尾原:新しい変化がいっぱい起きていれば、子どもってどこかで奇妙なものを追いかける生き物ですから。そうすると何か奇妙なものが心に引っかかって、蝶々を見て追いかけていたら、ふだん行かないような外に出ていたということっていっぱいあるわけですよね。

だから何か子どもが夢中になる始めたきっかけを、さっき言われたように「信じて待つ」だし。もっと言うと、子どもだとそのときに、ついついトラックが多いような道路に出ちゃうかもしれないから、そこはガードレールを作っておいてあげて。

子どもが自発的にそっち(危険な道路)に行きにくいようにすることだったり、じゃあ蝶々を追いかけるためには交通標識も学ばなければならないんだね、ということに気づけば、子どもは今度はYouTubeでいくらでも交通標識を学びますし。

大事なことは、やはり好奇心に喉を乾かすことなんですよね。大事なものができれば、大事なものを守りたいと思うから、守りたいことができたら、そこが壊れないように社会課題を解決しようというふうに変わってくる。

だから、言い方は悪いんですけど「バリ島っておいしい」んですよ。めちゃくちゃ綺麗な自然があるから、好きになっちゃうんですよ。そこにいる自然、そこにいる犬。

そうすると、その自然を守りたい、その自然を守るためには観光に依存しなきゃいけない。観光に依存しちゃうと自然を壊すかもしれないという自由のトレードオフに気づくという順番にあれば、自然と協働が発生するんですよね。

だから順番は、あくまで好きなものを作る。好きなものを作るというのは、奇妙なものが好きという(好奇心によって)、自然と自分のコンフォートゾーンを一歩出歩いてしまうことにつながる。それを信じて待つことが、僕は一番大事だと個人的には思いますけどね。

自分の時間を奪われると、好奇心がなくなってしまう

苫野:「今こそ夢中になれることや好奇心を満たせることを」というお話、私も「このコロナの時期だからこそ」という話をすると、必ず「夢中になれることがない」とか「好奇心を持てない」という言葉が返ってくるんですけど。

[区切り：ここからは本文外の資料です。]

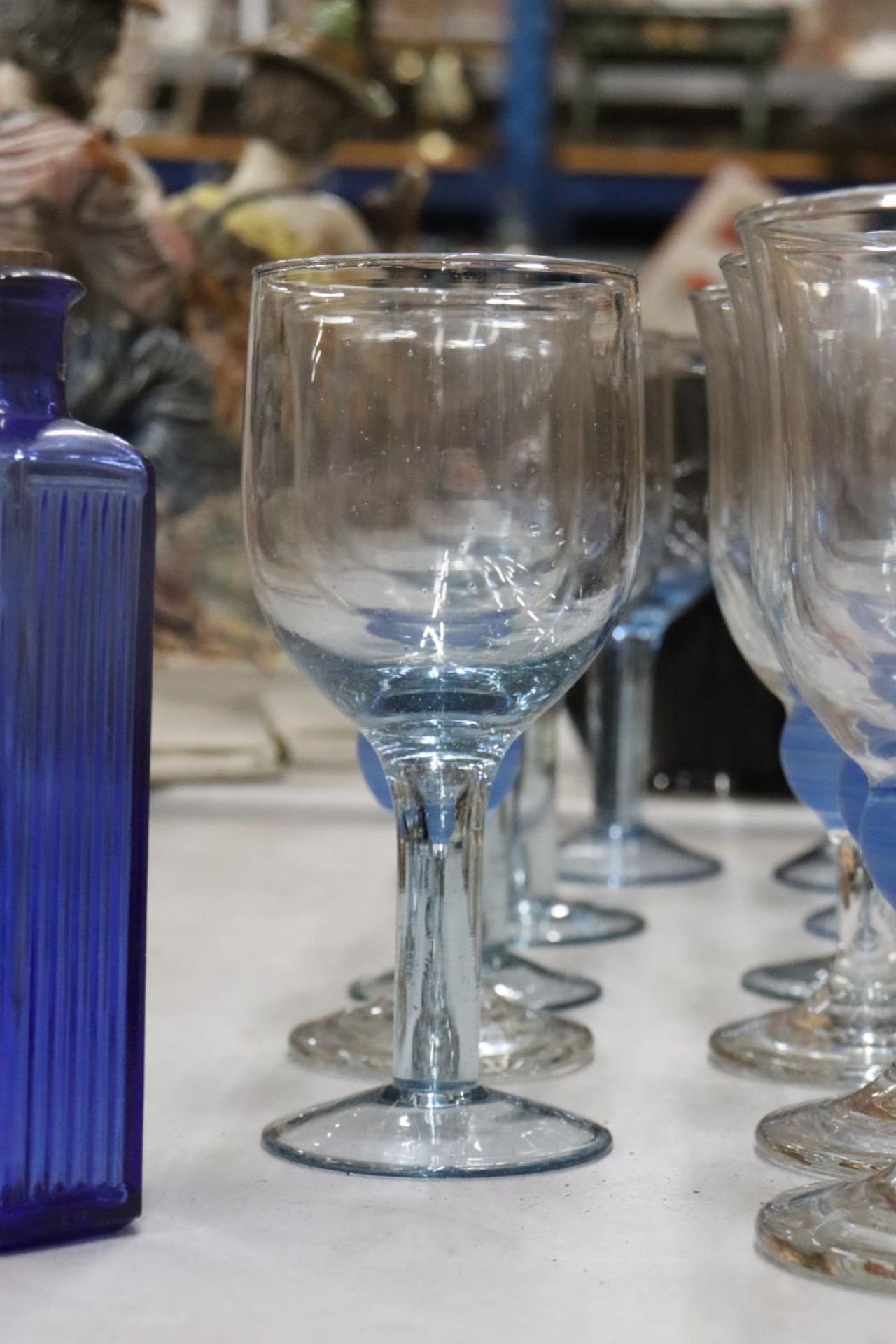 VARIOUS BLUE GLASS ITEMS TO INCLUDE GLASSES, BOWL AND BOTTLE - Image 6 of 8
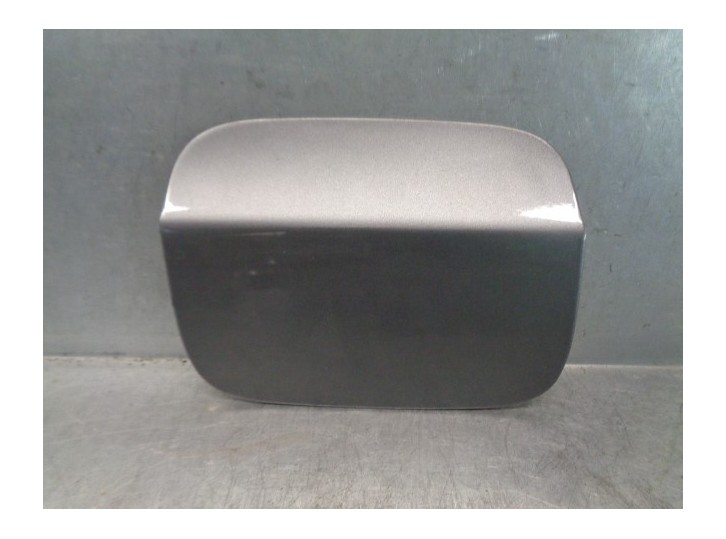 Recambio de tapa exterior combustible para bmw x5 (e70) 3.0 turbodiesel cat referencia OEM IAM 51177160634 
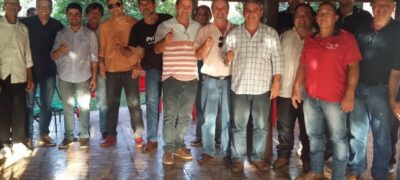 Pré candidato a prefeito Reinaldo Piti realizou uma reunião política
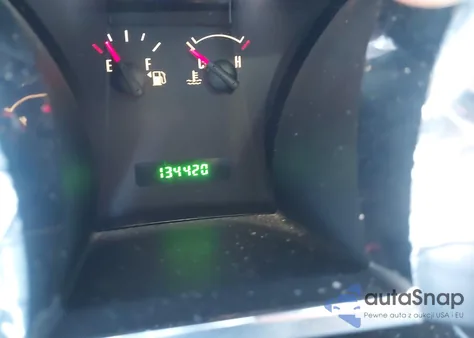 2008 Ford Mustang V6 Deluxe/V6 Premium z USA, uszkodzony, nr VIN 1ZVHT80N685201174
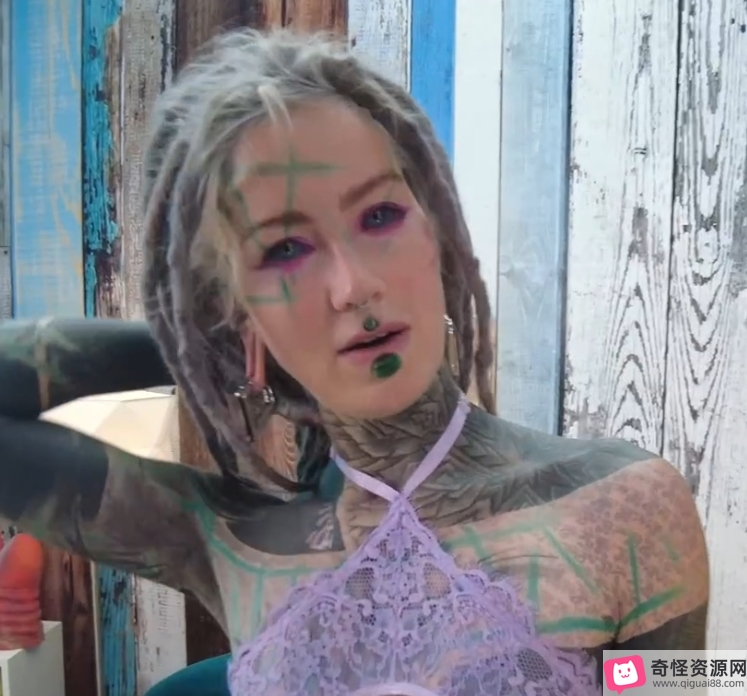 展示了各种不同类型的泰国伪娘，让观众可以更全面地了解这个群体。视频的大小和数量也非常丰富，总共有65个视频，每个视频长度都在8到9分钟之间。如果你对泰国伪娘文化感兴趣，不妨来关注一下“EnglishPsycho”，一定会有意想不到的收获！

さっき尾原さんがおっしゃったように、子どもって好奇心旺盛なのは当然なんですよね。なぜそれがなくなるのかと言うと、他人の時間を生きるからなんですよ。自分の時間がたっぷりあれば、必ず自分の好奇心をいろんなところに結びつけていきますよね。

日本の多くの子どもたちは、今までずっと大人の時間を生きてきた。大人が決めた時間割に従い、放課後も塾に行ったり習い事に行ったり、自分の時間がほとんどなかったんですよね。

もちろん、すべての子どもの学習権の保障は大前提ですけれども、今、せっかく子どもたちが自分の時間を手にした。その時間をたっぷり子どもたちに楽しんでもらえれば、自ずと夢中になれることを見つけ出すと思いますね。

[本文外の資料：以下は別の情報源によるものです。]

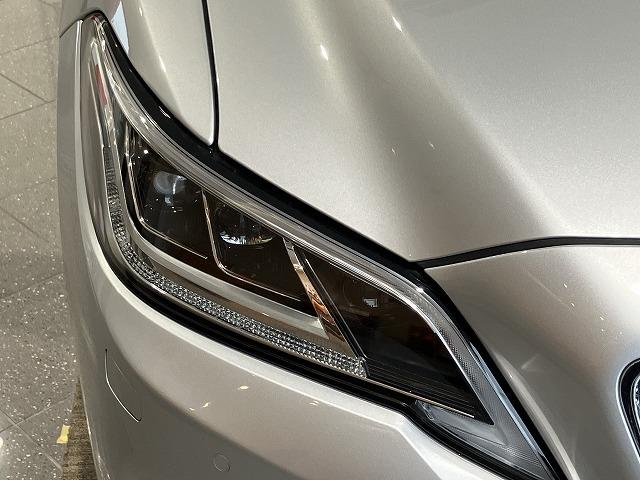 クラウン ＲＳ　リミテッド　ワンオーナー　禁煙車　プリクラッシュ　レーダークルーズ　クリアランスソナー　純正１８インチブラックスパッタリングＡＷ　メモリーパワーシート　シートヒーター　ブラインドスポットモニター　ＡＣ１００Ｖ電源（41枚目）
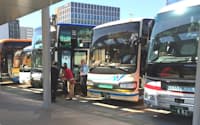 新幹線開業で貸し切りバスの利用が増えている（金沢駅の団体用バス乗り場）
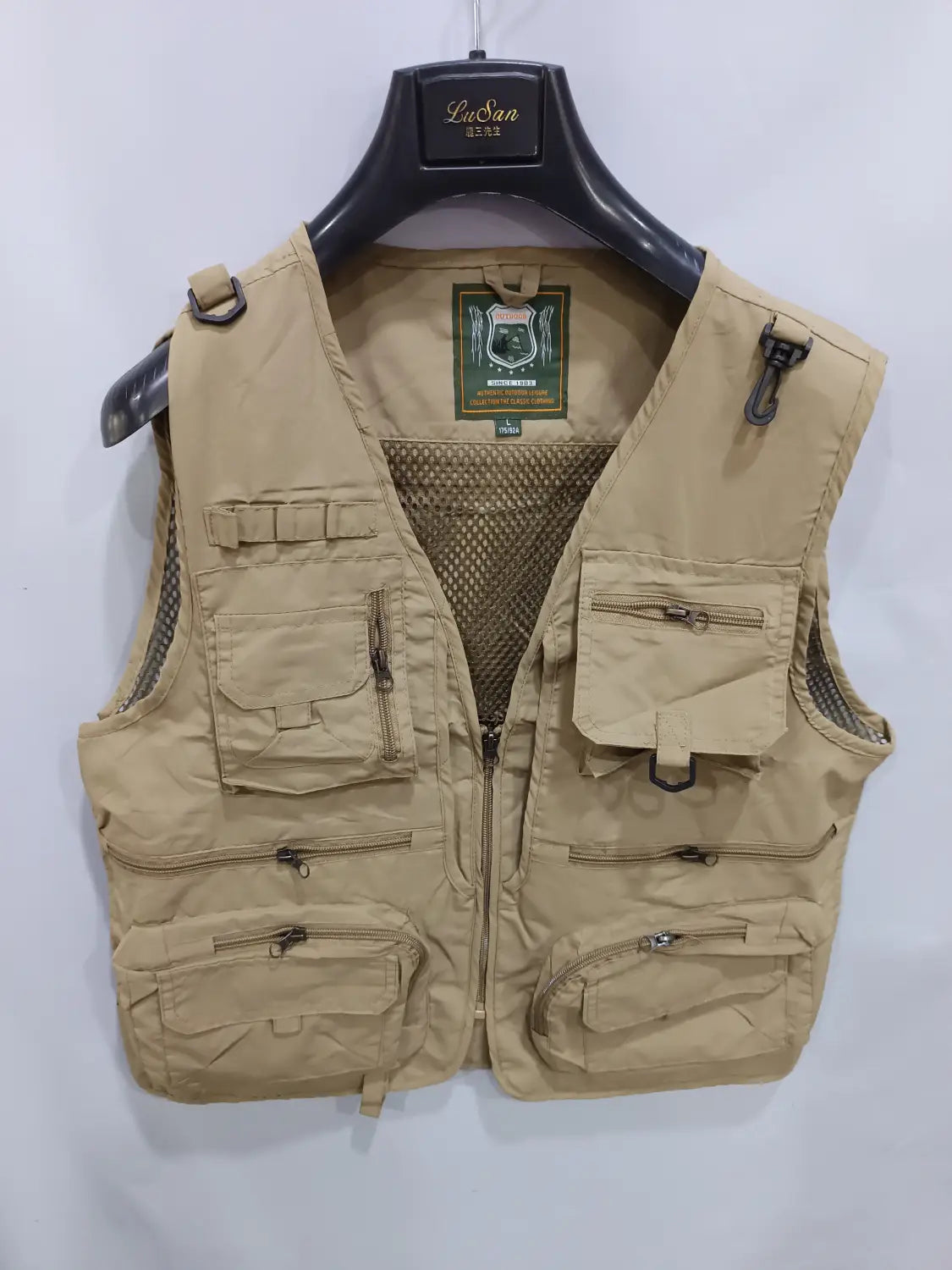 Tanfarbene Lusun-Taktikweste in Tan mit 14 Taschen, einschließlich Reißverschluss- und Klappverschlüssen, Mesh-Futter sowie verstellbaren Schulterträgern, geeignet für Outdoor-Aktivitäten.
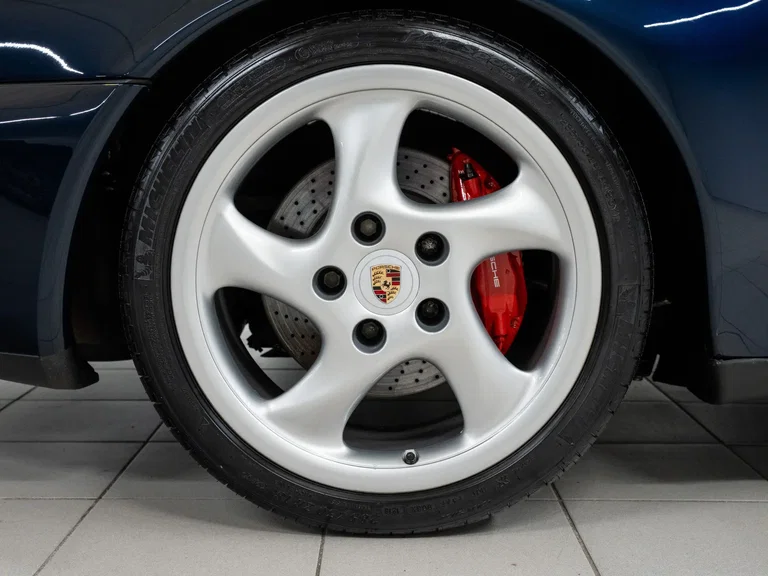 Porsche 993 Carrera 4S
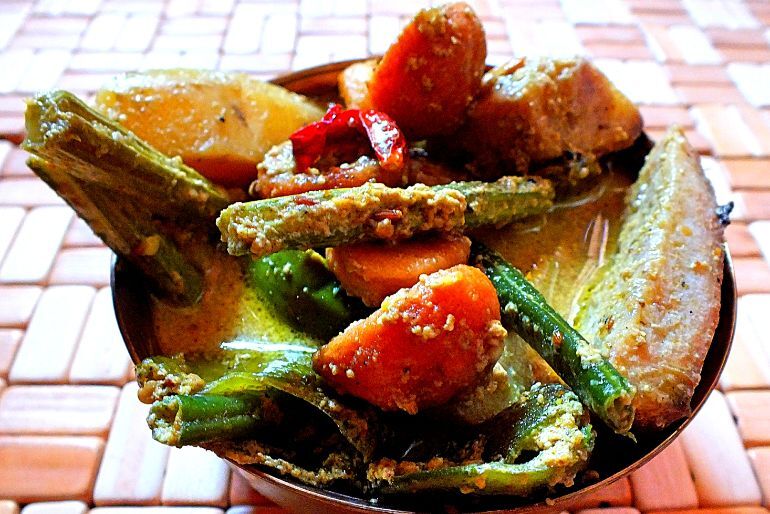 Where To Eat Bengali Bhog During Durga Puja In Delhi? Pandal Food To Try 2 Traditional Bengali Durga Puja bhog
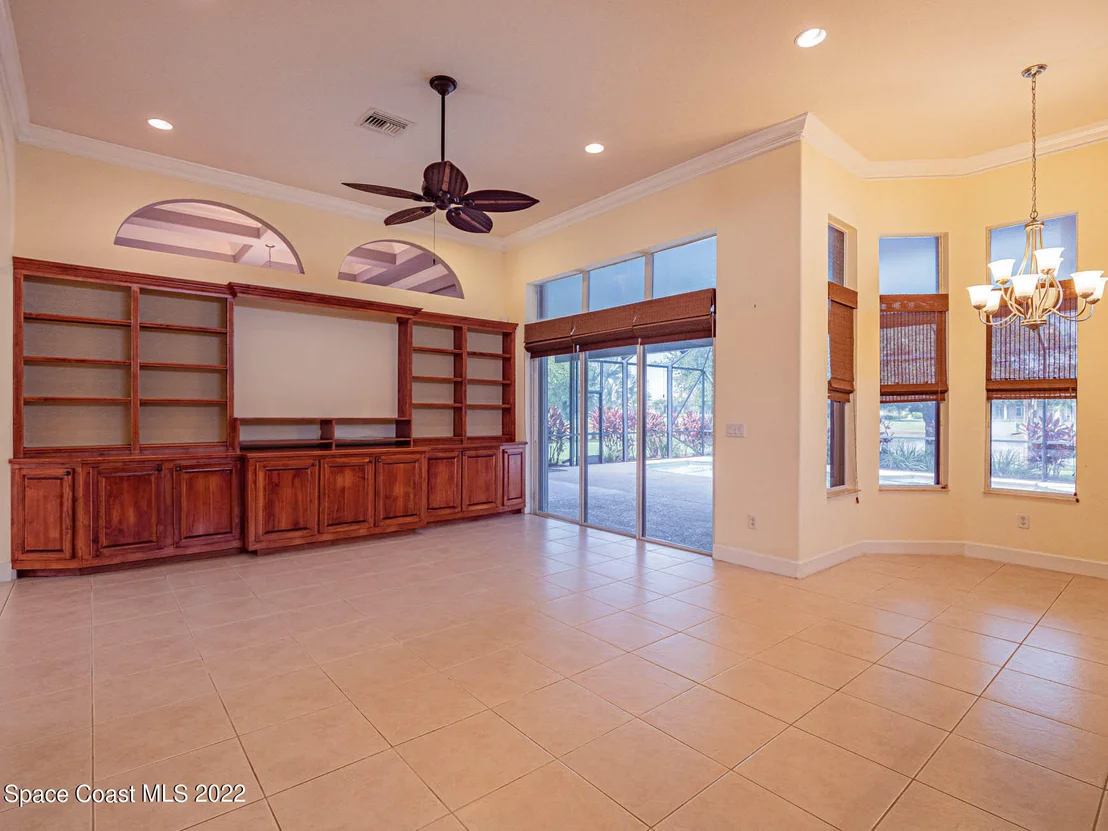 Photo of 585 Caroline Drive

そういうことを言うと、また今度は「ゲーム三昧になってしまう」というお話も来るんですけど、それはそれで必ずしも悪いことではないと思うのと、もう一つは一緒にルールを作ればいいと思うんですよね。

尾原:うん、うん。

苫野:親とか先生に与えられたルールは、いかにしてそれを上手にいなそうかとか破ろうかとか考えるんですけど、自分で作ったルールは自分が主役ですから、自分がそれを守る責任主体になりますよね。

今のこの時期にこそ、今まで大人のルールや大人の時間を生きてきた子どもたちに、自分の時間は自分で使い、自分でルールを決め、自分のことは自分で決める経験を積んでほしい。まさに、自分の自由を自分で行使するという、そういう経験をたっぷり積んでほしいなと思っているところですね。

自立よりも自律が求められる

尾原:そうですね。だから今、「自立から自律」という話がすごく言われるようになってきていて。自分で立つといういわゆるIndependentな自立というよりは、自分を律せられる自律ですよね。

この自律の律というのはもともとは律令。令和の令、律令の律だからルールって意味なんですよね。

自分でルールを設定できる人が自律的な人だし、一方で自律的な人になりましょうと言っているけれども、自律の反対って他律で。やっぱり学校ってどうしても効率性を重視するがゆえに「他人のルールで行きましょう」というものが中心になりやすくなってしまう。

そういう意味では「そんな不安な状況で無理だよ」「しんどいよ」ということは、みなさんの生活の中でもあると思うんですけど、初めて子どもが自律を試されるこの1ヶ月があると思うので、そこを信じて待つ。そのうえで、子どもだって自分で「ダメなことはダメ」って一番気づきますから。そのときに一緒にルールを作る。

だから、ちょっと長い話になるんですけど、おもしろい話があって。リクルートってむちゃくちゃ営業が強くて、むちゃくちゃ自律的な会社と思われてるじゃないですか。でも、10年くらい前にやっぱりルールを変えたんですね。それは詰め会をやめて、読み会に変えたというエピソードがあって。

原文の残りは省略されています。